After my exhausted meltdown in which I confessed I might need a break from running and during which my husband consoled me by saying that 1-2 weeks would not hurt my training, I promptly went for a swim. The first in over a year. It was calming, refreshing and gave me the clarity I needed to calm down. And, I slept very well that night which I also needed. Even the thought of taking “off” more than a week of running actually stresses me out. I don’t run just to train. I run for my sanity, for peace, for clarity and perspective, to organize my thoughts and get energized for the day. And yet, I’m so tired that when the 5 a.m. alarm goes off (I like to hit snooze 2-3 times), I just ignore it, skip the run and promptly regret it by the time I’m in the shower. It’s a vicious cycle.

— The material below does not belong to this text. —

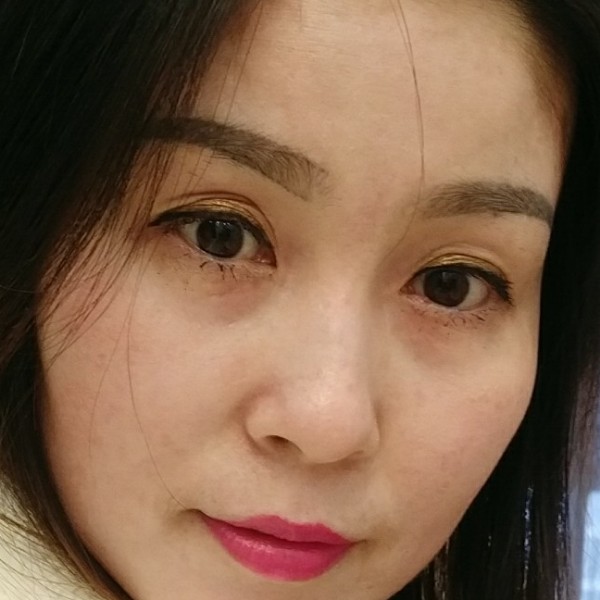依曼丽的照片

And so, I think I do indeed need a running / training break. I have a ten mile race over Memorial Day and I will do myself a favor and taper leading up to it instead of trying to maintain full mileage and cross-training. I will be pacing a 2:10 group in the Zooma Annapolis half marathon (for which I’m ready) and then I think I will spend June cross-training for the end of month sprint triathlon. I’ll keep my weekday runs to 3-5 miles, maybe just 3 days a week with a “long” 6-7 miler on the weekends. And I’ll alternate swimming and biking 1-2 times a week.
Rest, Relax and Resume
I think if I properly chill out for the rest of May, maintain my planned sprint tri cross-training–which may sound like a lot but none of it is long distance–and then plan to resume my BQ quest in July I should be back to a high energy level with which I can really focus on speed and endurance. I would like to go on record saying that it is not at all optimal to launch into distance training and marathon training in high summer heat, but alas, that is how my cookie is crumbling. But, my carrot in this plan is that I should be refreshed, albeit hot, when the time comes to log some serious miles.
And now, I’m off to get a good night’s sleep. How about you?
EVERYONE needs to rest ocasionally. I think it is the most underestimated component of complete training, both the kind of rest you get from the reduced mileage week during training to complete non-running between training cycles. Right now, at the end of the Spring Race Season but before it’s time to start on Training for the Fall season, is probably an ideal time to take anywhere from a week or two to a whole month and, to the extent the rest of your life will allow you, just rest. Most importantly, enjoy it. You’ve earned it and you’ll be a better runner (not to mention mother, wife, employee, etc.) for it.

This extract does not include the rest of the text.